**WHAT THE TASK REQUIRES**
Copy out precisely the lines of the material that follows, beginning with the line containing "разрешение 2048x1365 Загрузить" and ending with its last line; exclude pictures.

**PROVIDED MATERIAL**
• • •

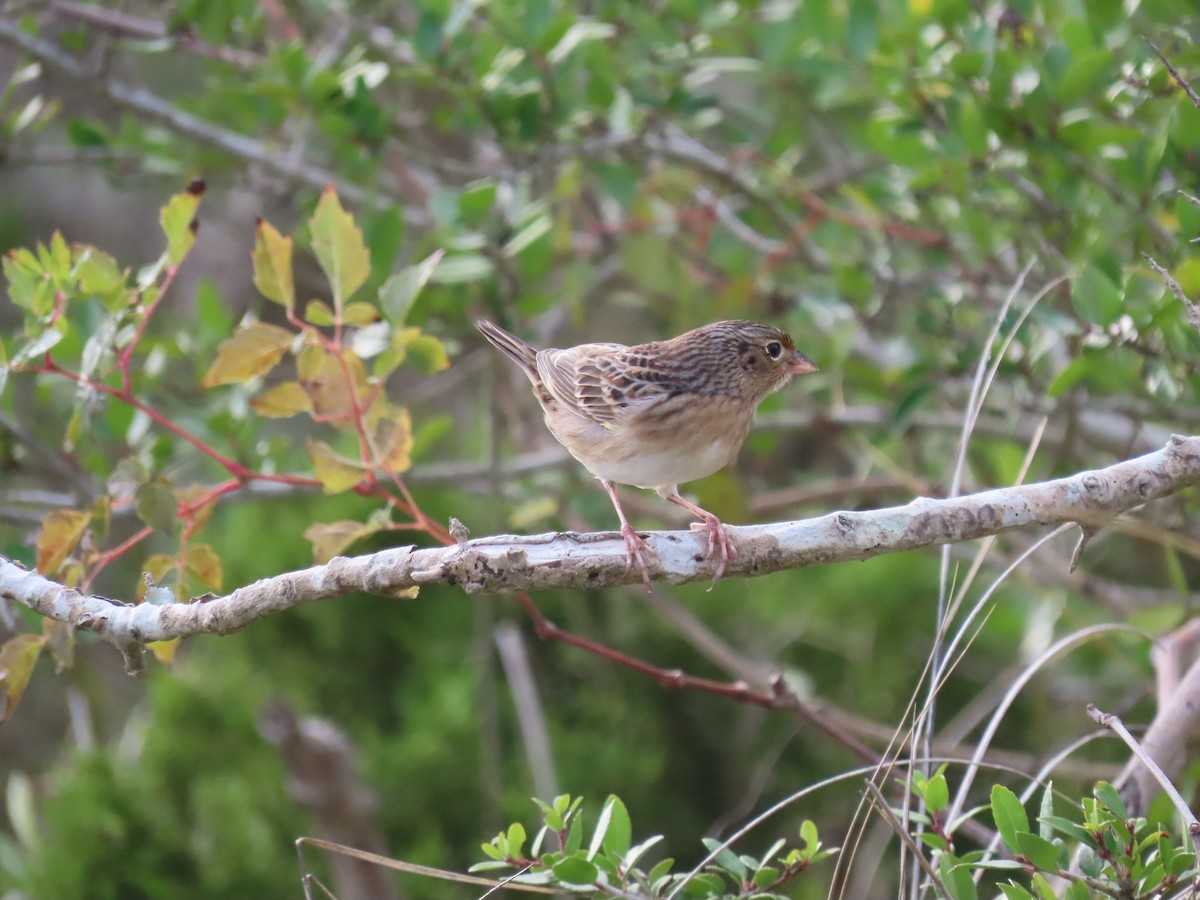 Grasshopper Sparrow - ML643498351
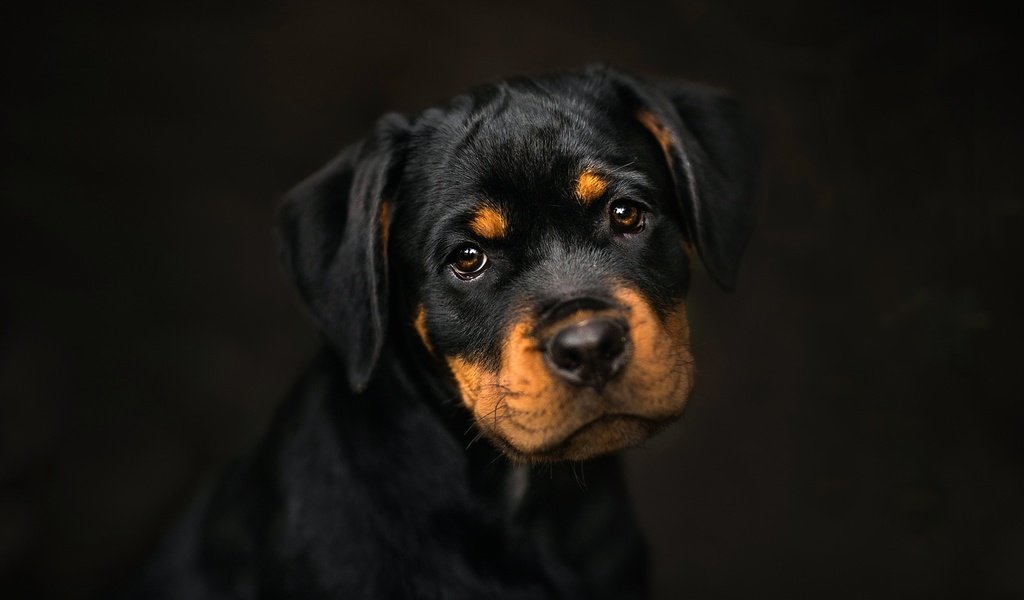 Обои фон, мордочка, взгляд, собака, щенок, ротвейлер, frelka, background, muzzle, look, dog, puppy, rottweiler разрешение 2048x1365 Загрузить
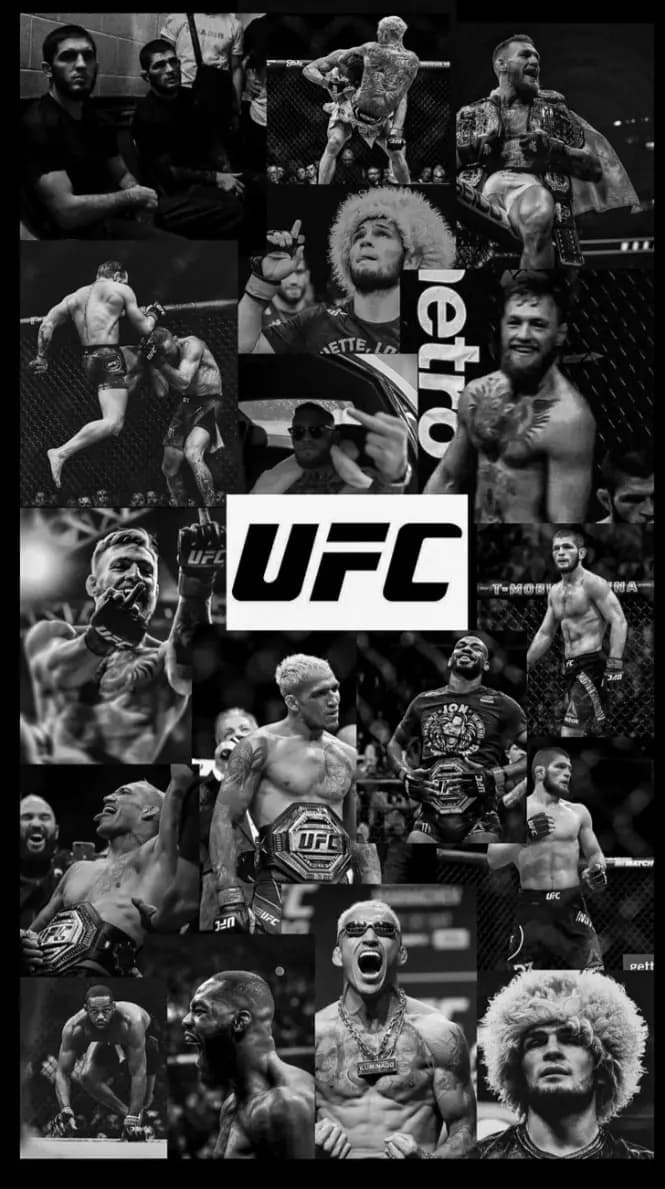 UFC Career thumbnail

• • •

**RESULT**
 Обои фон, мордочка, взгляд, собака, щенок, ротвейлер, frelka, background, muzzle, look, dog, puppy, rottweiler разрешение 2048x1365 Загрузить
 UFC Career thumbnail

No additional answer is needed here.